Probing the response of metals to low-frequency s-polarized evanescent fields

TL;DR

This paper proposes an experimental method to test how metals respond to low-frequency s-polarized evanescent fields by measuring magnetic fields, aiming to resolve discrepancies in theoretical models like Drude and plasma responses.

Contribution

It introduces a novel experimental approach to distinguish between Drude and plasma models for metal response using magnetic field measurements of evanescent waves.

Findings

Magnetic field responses differ significantly between models.

Measurement can discriminate between Drude and plasma responses.

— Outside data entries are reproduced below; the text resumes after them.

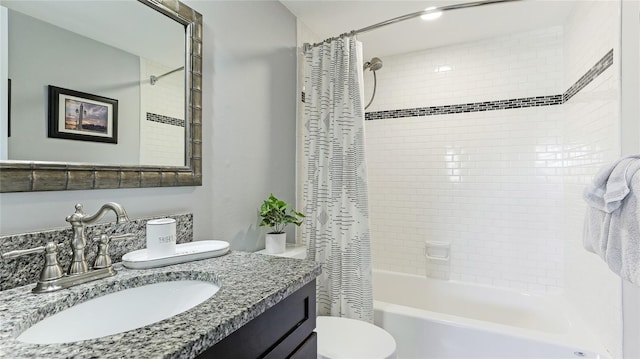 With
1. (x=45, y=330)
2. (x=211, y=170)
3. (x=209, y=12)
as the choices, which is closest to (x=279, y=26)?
(x=209, y=12)

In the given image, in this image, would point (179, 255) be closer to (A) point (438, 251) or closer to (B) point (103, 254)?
(B) point (103, 254)

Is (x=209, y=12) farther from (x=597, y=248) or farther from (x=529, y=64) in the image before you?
(x=529, y=64)

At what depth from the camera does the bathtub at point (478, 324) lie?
1599 mm

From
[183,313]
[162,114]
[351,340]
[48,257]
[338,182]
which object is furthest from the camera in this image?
[338,182]

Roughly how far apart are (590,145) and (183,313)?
86.5 inches

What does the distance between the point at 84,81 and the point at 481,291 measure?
275cm

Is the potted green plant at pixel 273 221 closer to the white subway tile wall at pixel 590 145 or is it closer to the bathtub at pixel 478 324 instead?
the bathtub at pixel 478 324

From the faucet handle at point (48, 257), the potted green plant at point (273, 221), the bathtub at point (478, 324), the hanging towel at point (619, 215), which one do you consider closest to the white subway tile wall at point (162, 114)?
the faucet handle at point (48, 257)

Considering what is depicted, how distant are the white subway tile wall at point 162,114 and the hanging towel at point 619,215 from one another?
1.62m

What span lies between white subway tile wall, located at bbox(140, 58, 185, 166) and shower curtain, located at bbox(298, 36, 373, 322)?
2.85ft

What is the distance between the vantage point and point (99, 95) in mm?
1072

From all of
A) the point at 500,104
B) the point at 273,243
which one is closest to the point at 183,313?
the point at 273,243

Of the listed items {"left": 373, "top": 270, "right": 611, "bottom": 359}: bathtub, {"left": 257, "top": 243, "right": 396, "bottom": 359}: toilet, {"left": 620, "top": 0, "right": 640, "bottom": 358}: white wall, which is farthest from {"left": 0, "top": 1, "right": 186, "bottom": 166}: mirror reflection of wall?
→ {"left": 620, "top": 0, "right": 640, "bottom": 358}: white wall

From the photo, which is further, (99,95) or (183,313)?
(99,95) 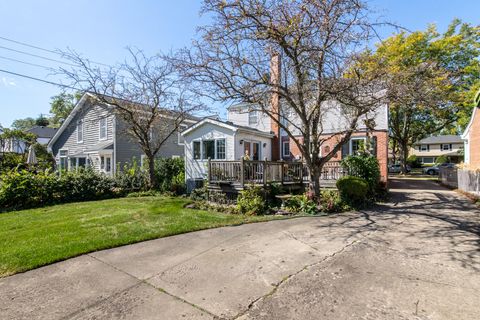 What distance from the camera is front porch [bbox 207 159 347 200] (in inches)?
417

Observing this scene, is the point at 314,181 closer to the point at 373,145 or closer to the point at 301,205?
the point at 301,205

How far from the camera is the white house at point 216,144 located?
14.9 meters

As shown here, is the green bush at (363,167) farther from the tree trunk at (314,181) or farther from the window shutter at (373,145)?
the tree trunk at (314,181)

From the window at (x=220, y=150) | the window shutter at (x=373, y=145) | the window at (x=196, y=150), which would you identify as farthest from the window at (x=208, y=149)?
the window shutter at (x=373, y=145)

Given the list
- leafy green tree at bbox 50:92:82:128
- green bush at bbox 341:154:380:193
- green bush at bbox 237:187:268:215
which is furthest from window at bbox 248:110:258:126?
leafy green tree at bbox 50:92:82:128

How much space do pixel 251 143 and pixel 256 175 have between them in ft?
17.9

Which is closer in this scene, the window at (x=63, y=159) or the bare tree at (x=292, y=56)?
the bare tree at (x=292, y=56)

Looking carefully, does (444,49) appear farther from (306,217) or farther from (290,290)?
(290,290)

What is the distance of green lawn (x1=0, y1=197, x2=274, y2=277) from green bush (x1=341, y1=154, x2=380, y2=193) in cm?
604

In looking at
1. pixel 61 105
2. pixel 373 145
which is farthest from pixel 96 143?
pixel 61 105

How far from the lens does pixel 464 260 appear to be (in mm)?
4477

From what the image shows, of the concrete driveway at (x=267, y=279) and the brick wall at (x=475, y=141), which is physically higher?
the brick wall at (x=475, y=141)

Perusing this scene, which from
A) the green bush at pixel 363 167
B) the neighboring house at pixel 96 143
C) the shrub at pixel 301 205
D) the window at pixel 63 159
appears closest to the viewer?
the shrub at pixel 301 205

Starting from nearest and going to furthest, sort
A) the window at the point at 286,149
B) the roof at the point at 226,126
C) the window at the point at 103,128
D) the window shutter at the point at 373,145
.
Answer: the window shutter at the point at 373,145 < the roof at the point at 226,126 < the window at the point at 286,149 < the window at the point at 103,128
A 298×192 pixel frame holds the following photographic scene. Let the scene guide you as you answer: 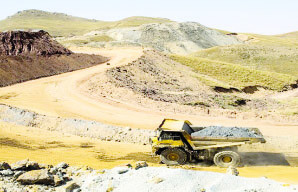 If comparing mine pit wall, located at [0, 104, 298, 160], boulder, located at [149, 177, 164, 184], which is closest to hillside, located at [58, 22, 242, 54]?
mine pit wall, located at [0, 104, 298, 160]

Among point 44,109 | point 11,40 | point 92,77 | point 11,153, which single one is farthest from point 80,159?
point 11,40

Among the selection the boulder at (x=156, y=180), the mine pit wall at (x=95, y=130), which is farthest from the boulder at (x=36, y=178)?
the mine pit wall at (x=95, y=130)

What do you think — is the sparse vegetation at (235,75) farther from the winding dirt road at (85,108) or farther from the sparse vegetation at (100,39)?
the sparse vegetation at (100,39)

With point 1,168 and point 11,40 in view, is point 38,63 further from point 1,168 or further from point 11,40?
point 1,168

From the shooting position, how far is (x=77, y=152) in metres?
16.9

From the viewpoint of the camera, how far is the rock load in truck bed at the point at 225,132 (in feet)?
47.4

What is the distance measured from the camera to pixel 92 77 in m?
36.2

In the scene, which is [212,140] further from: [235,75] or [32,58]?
[235,75]

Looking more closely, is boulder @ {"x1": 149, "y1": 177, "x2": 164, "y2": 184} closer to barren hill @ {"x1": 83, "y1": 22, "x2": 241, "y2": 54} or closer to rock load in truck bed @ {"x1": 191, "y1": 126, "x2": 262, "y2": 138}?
rock load in truck bed @ {"x1": 191, "y1": 126, "x2": 262, "y2": 138}

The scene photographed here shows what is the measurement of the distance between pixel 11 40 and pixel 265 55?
66.0m

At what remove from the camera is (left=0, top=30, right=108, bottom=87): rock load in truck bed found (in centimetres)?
3669

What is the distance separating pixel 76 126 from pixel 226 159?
1132cm

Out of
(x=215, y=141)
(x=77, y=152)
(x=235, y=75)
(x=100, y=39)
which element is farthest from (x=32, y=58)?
(x=100, y=39)

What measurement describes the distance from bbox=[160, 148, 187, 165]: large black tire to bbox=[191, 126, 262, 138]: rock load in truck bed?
3.74 ft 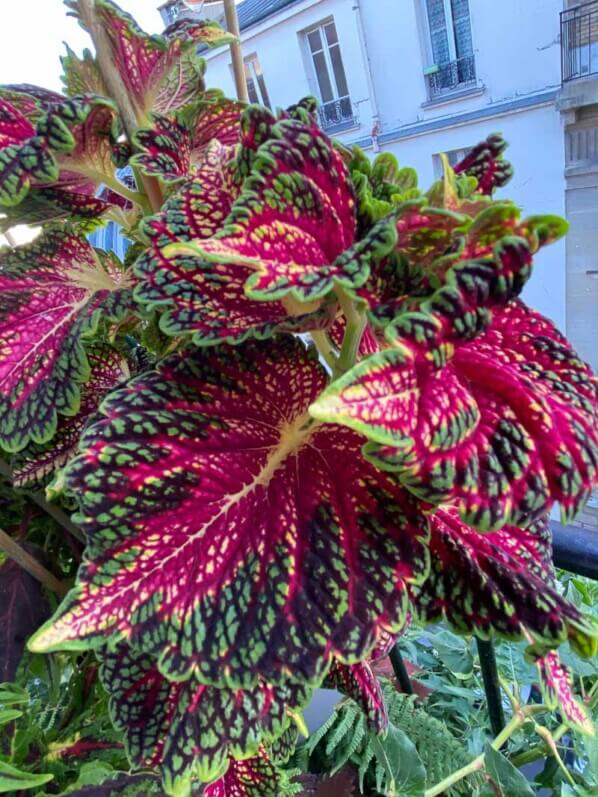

Results have implications for Casimir force theory.

Abstract

Experimental test for the response function of metals to the low-frequency s-polarized evanescent waves is proposed by measuring the lateral component of magnetic field of an oscillating magnetic dipole spaced above a thick metallic plate. This suggestion is motivated by the fact that the Lifshitz theory using the Drude response function is in contradiction with high-precision measurements of the Casimir force performed at separations exceeding 150~nm. Analytic expressions for the lateral components of the magnetic field, which are fully determined by the s-polarized evanescent waves, are reported in terms of the reflection coefficients of the plate metal. Numerical computations are performed for the reasonable values of the experimental parameters for different models of the dielectric response. The resulting fields differ by the orders of magnitude depending on whether the Drude or plasma response function is used in computations. Thus, the measurement of the magnetic field will allow to discriminate between these two options. Possible applications of the obtained results are discussed.